● **Record excerpts**:
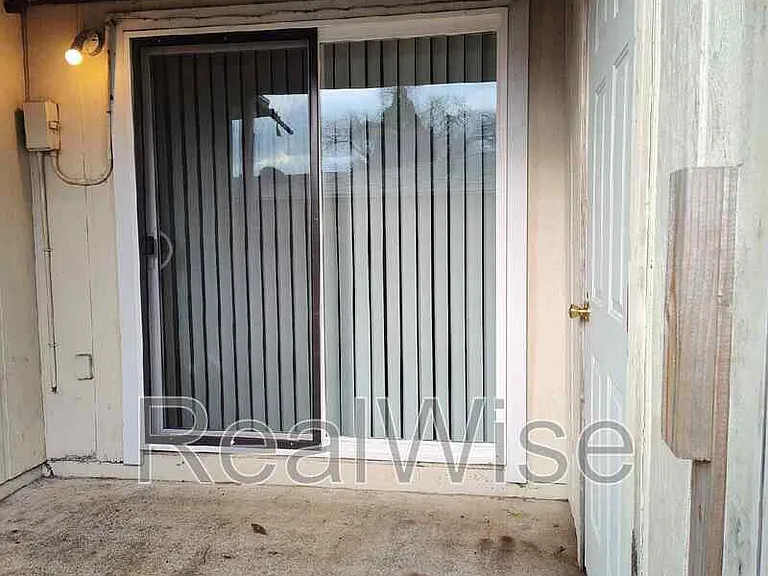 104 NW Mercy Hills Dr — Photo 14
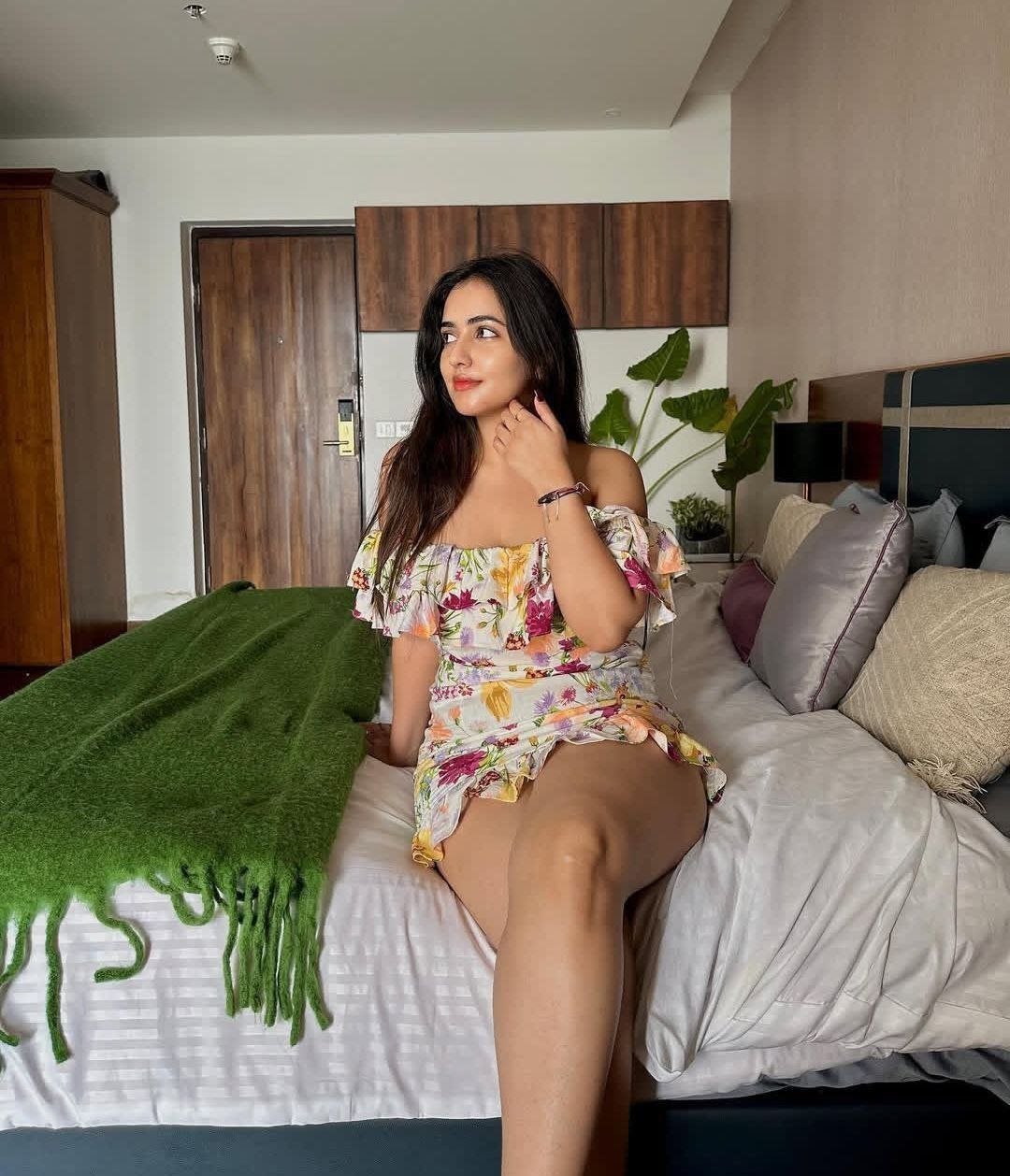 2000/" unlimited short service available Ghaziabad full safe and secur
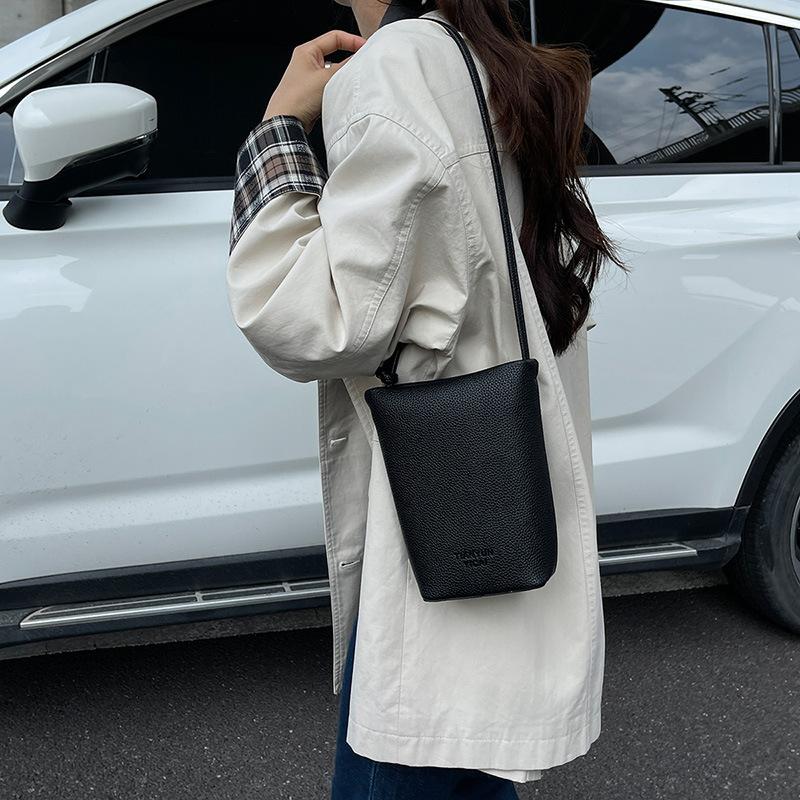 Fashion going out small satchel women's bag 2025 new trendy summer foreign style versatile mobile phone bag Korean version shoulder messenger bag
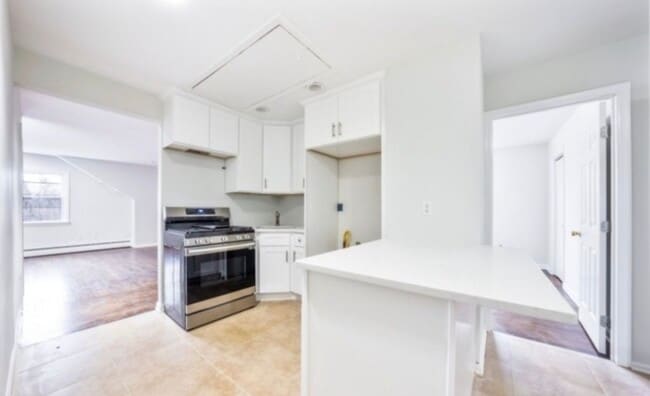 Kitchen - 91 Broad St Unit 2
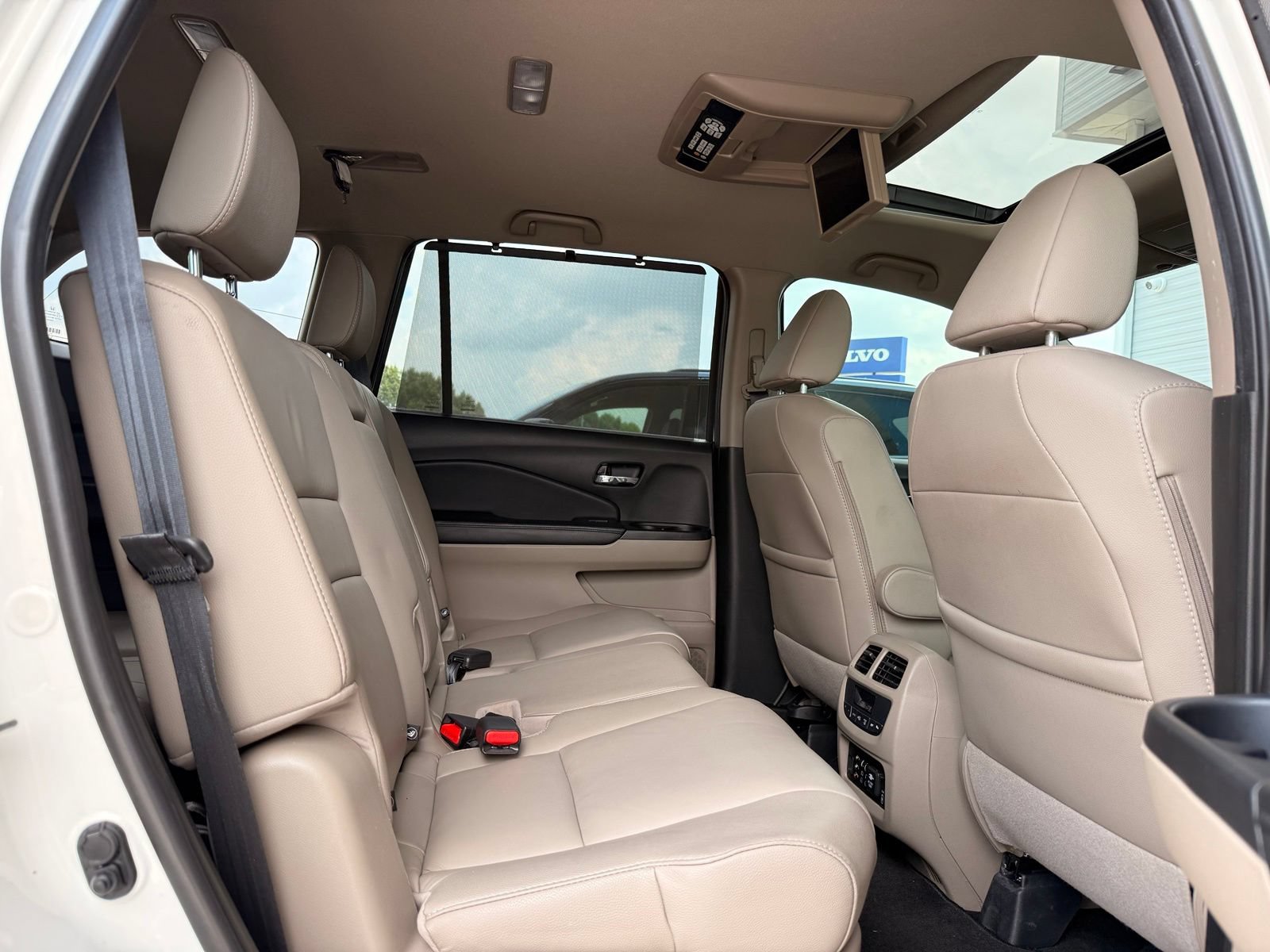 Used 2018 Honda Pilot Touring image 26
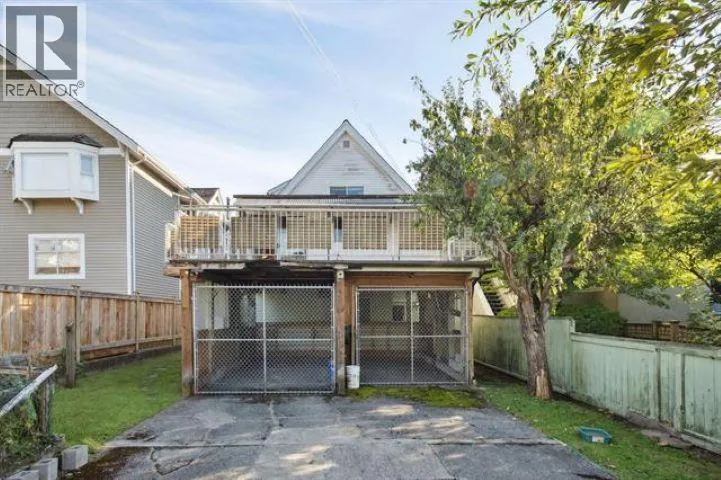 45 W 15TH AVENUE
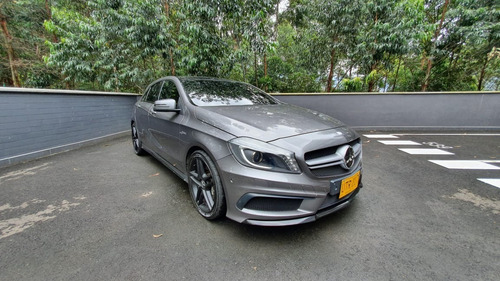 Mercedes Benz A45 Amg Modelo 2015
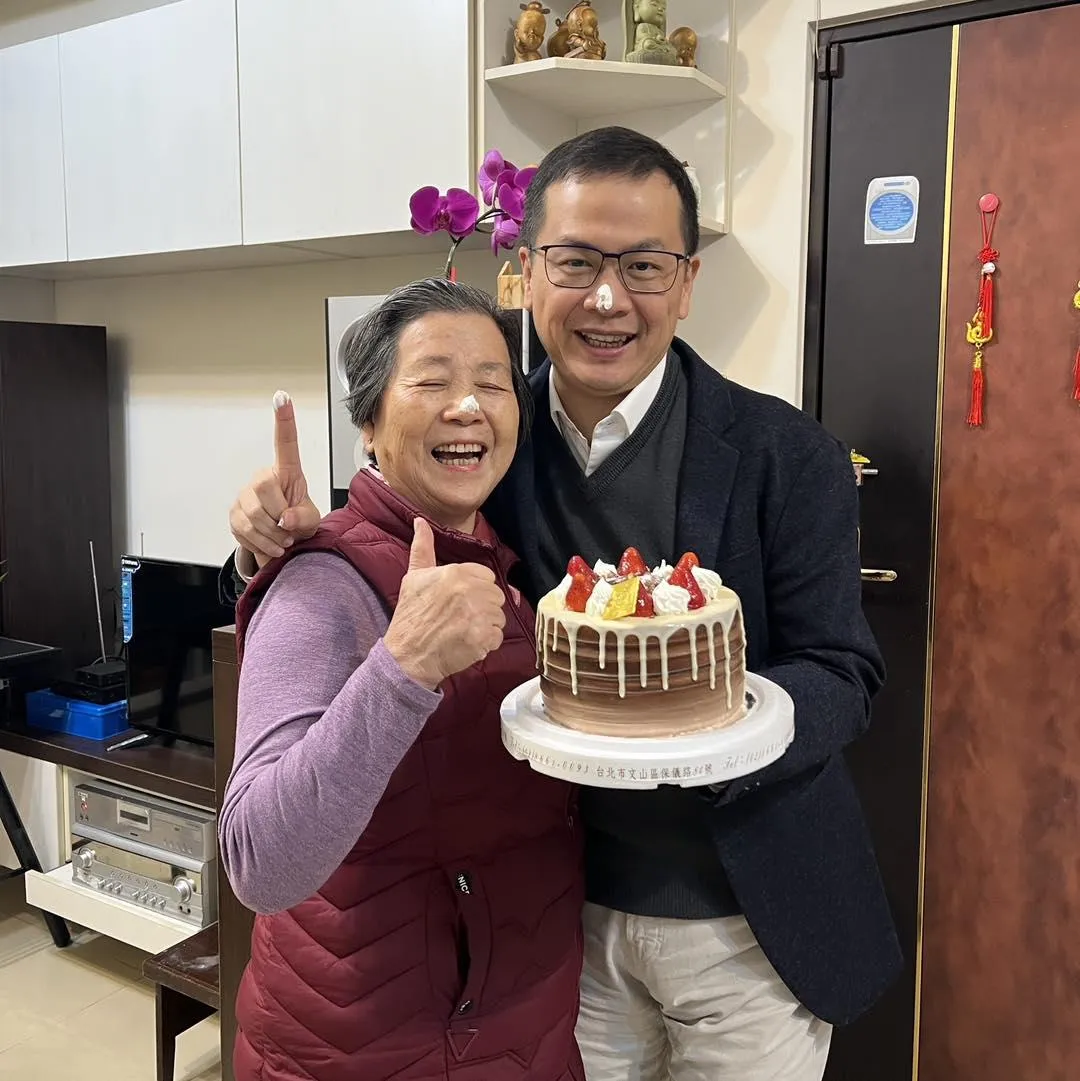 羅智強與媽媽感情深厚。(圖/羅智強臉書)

● **Work instruction**: Every line above should be retyped exactly; the pictures do not belong in the copy.

● **Answer for this exercise**:
 104 NW Mercy Hills Dr — Photo 14
 2000/" unlimited short service available Ghaziabad full safe and secur
 Fashion going out small satchel women's bag 2025 new trendy summer foreign style versatile mobile phone bag Korean version shoulder messenger bag
 Kitchen - 91 Broad St Unit 2
 Used 2018 Honda Pilot Touring image 26
 45 W 15TH AVENUE
 Mercedes Benz A45 Amg Modelo 2015
 羅智強與媽媽感情深厚。(圖/羅智強臉書)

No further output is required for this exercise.